For pupils who prefer practical, hands-on clubs, there are options such as Bicycle Repair Club and Vend-a-Spend, a pupil-run school shop selling stationery and other items, as well as Chess Club, Art Club, and subject clubs including maths and science.
Sport is described in terms of participation opportunities across breakfast, lunchtime, and after school, with specialist coaching in areas such as cricket, dance, and trampolining, plus competition entry within Bolton and beyond.
This is a state school with no tuition fees.
The published school day runs from morning registration at 8.35am to a 3:05pm finish, equating to 32 hours and 5 minutes per week.
For travel, the school highlights nearby Bee Network services 501 and 521, as well as school day only services including 938 to 943 that cover areas such as Little Lever, Moses Gate, Stoneclough, Kearsley, Westhoughton, and Atherton. Families should still trial the journey at peak time, since reliability can shift across the year.
Faith-informed admissions. The supplementary form is not a minor detail for September 2026 entry, it is part of how the school applies oversubscription criteria, and it has a stated return deadline of 03 November 2025.
No sixth form on site. Students will make a post-16 move, which can be positive for choice, but it does mean planning early for courses, travel, and support.
Progress is slightly below average. A Progress 8 score of -0.07 suggests outcomes are close to, but a little below, the England benchmark for similar starting points. Families should look for evidence that teaching consistency is strong across subjects, not just in pockets.
Open events are not consistently dated on the main calendar. The admissions pages cover the mechanics, but parents may need to check for updated open event details rather than relying on a single published date.
St James’s is best understood as a values-led 11 to 16 school: clear routines, visible faith life, and a strong emphasis on behaviour, personal development, and service.
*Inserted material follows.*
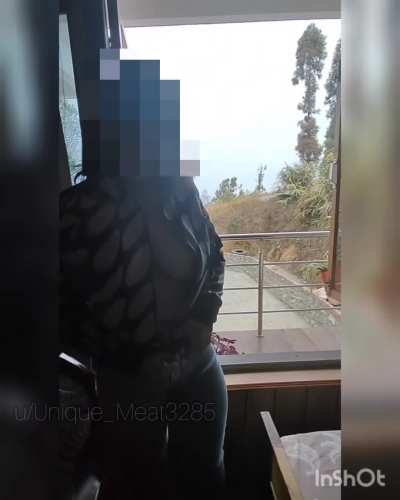 Not much but just thumkas & bare boobs through the windows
The academic picture is broadly typical for England on headline positioning, with slightly below-average progress, so fit matters. This school suits families who want a Church of England setting where worship and chaplaincy are integral, and who value structured expectations alongside a broad set of clubs, ensembles, and practical opportunities.
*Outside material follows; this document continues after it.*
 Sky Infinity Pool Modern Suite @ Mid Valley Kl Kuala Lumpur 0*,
The most recent overall inspection outcome is Good, with Behaviour and attitudes and Personal development graded Outstanding, alongside Outstanding leadership and management. In the FindMySchool GCSE ranking based on official data, the school sits in line with the middle 35% of schools in England (25th to 60th percentile), ranked 1,814th in England and 11th in Bolton.
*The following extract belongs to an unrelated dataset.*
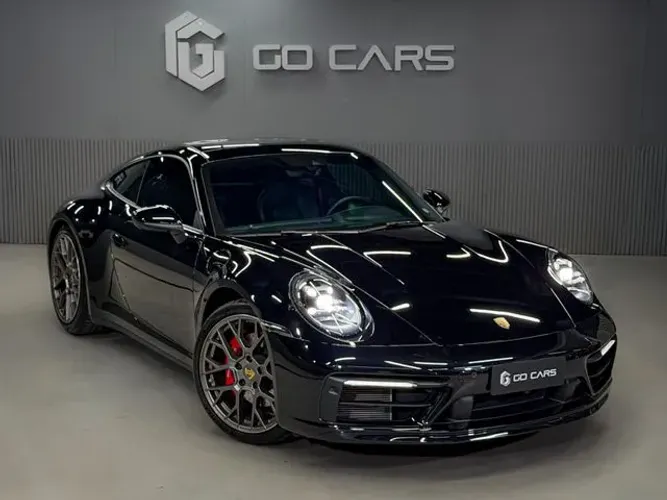 Porsche 911 Carrera S (992) 3.0 6cil. Boxer Biturbo 2024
There are no tuition fees because this is a state school. Families should still budget for standard secondary costs such as uniform, optional trips, and any paid extracurricular activities.
Bolton’s online application window runs from 01 September 2025 to 31 October 2025, with offers issued on 02 March 2026. St James’s also expects applicants to complete its supplementary form if applying under its Church of England oversubscription criteria, and the published return deadline for September 2026 entry is 03 November 2025.
The school’s Attainment 8 score is 47.9. Progress 8 is -0.07, indicating progress that is slightly below the England average for pupils with similar starting points. The EBacc average point score is 4.17, and 15.3% of pupils achieved grades 5 or above in the EBacc measure.
Daily collective worship is presented as a valued and integral routine, supported by chaplaincy activity. The chaplaincy is also positioned as inclusive for students of different backgrounds and beliefs, and service is framed through ongoing charity partnerships at local, national, and global levels.